Dental Schools Now Required to Train Students to Treat the Disabled

Dentistry Today


As recommended by the National Council on Disability (NCD), all dental schools in the United States now must revamp their curricula and training programs to include patients with intellectual and developmental disabilities (ID/DD).

The Council on Dental Accreditation (CODA) recently voted to require dental schools to now train their students in managing treatment of patients with ID/DD. Previously, patients with ID/DD were largely unable to obtain dental care because dental students were simply not required to learn to manage their treatment. 

“Every dental patient in America deserves the same care, whether or not they have a disability,” said NCD chairman Neil Romano. “NCD applauds this decision that we view as necessary for people with ID/DD to obtain critical access to dental treatment, which is critical to the total health of all people.”

CODA held and passed four related votes regarding the predoctoral dental, orthodontics, dental hygiene, and dental assistant programs.

For predoctoral programs and orthodontics programs, dental students must be trained to assess and manage the treatment of patients with special needs. For dental hygiene programs, students must be competent in providing care to special needs patient populations.

For dental assistant programs, students must be familiarized with patients with special needs, including patients whose medical, physical, psychological, or social conditions make it necessary to modify normal dental routines.

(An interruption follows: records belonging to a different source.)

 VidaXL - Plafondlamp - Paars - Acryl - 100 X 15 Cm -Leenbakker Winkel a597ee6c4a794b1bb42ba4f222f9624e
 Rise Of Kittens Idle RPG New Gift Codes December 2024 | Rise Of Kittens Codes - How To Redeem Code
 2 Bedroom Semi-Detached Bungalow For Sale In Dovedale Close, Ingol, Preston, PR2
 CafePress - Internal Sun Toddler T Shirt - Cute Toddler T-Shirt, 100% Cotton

CODA generally defines people with special needs as people with developmental disabilities, cognitive impairment, complex medical problems, significant physical limitations, and the vulnerable elderly.

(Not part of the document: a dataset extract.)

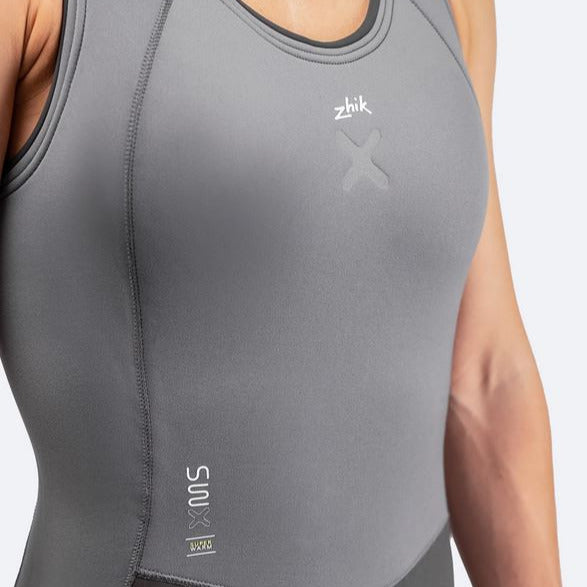 Zhik Damen Neoprenanzug 'Superwarm X Yulex Skiff Suit'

Changes for the predoctoral dental, dental hygiene, and dental assistant programs are required to take effect by July 1, 2020, with changes to the orthodontics programs required by January 1, 2020.

NCD first made recommendations to CODA following its 2017 issue brief, “Neglected for Too Long: Dental Care for Patients with Intellectual and Developmental Disabilities,” which found that adults with developmental disabilities are at risk for multiple health problems including poor oral health. 

The report also found that people with ID/DD regularly face an uphill battle in finding clinicians properly trained to treat them because most dentists lack the proper training and exposure with respect to the health and psychosocial needs of this population. 

NCD reports that more than 50% of dental medical school deans have stated that their graduates are not competent to treat patients with ID/DD. As a result, people with ID/DD are more likely to have poor oral hygiene, periodontal disease, and untreated dental caries than members of the general population. 

Also, people with ID/DD are more likely not to have had their teeth cleaned in the past five years or never to have had their teeth cleaned than those who aren’t disabled. And, due to the lack of proper skills among dentists, dental care often is more difficult to find than any other type of service for people with ID/DD. 

Last year, NCD worked with the ADA to revise its Code of Professional Conduct to state that “dentists shall not refuse to accept patients into their practice or deny dental service to patients because of the patient’s… disability.” Many states adopted this code revision as state law of professional conduct.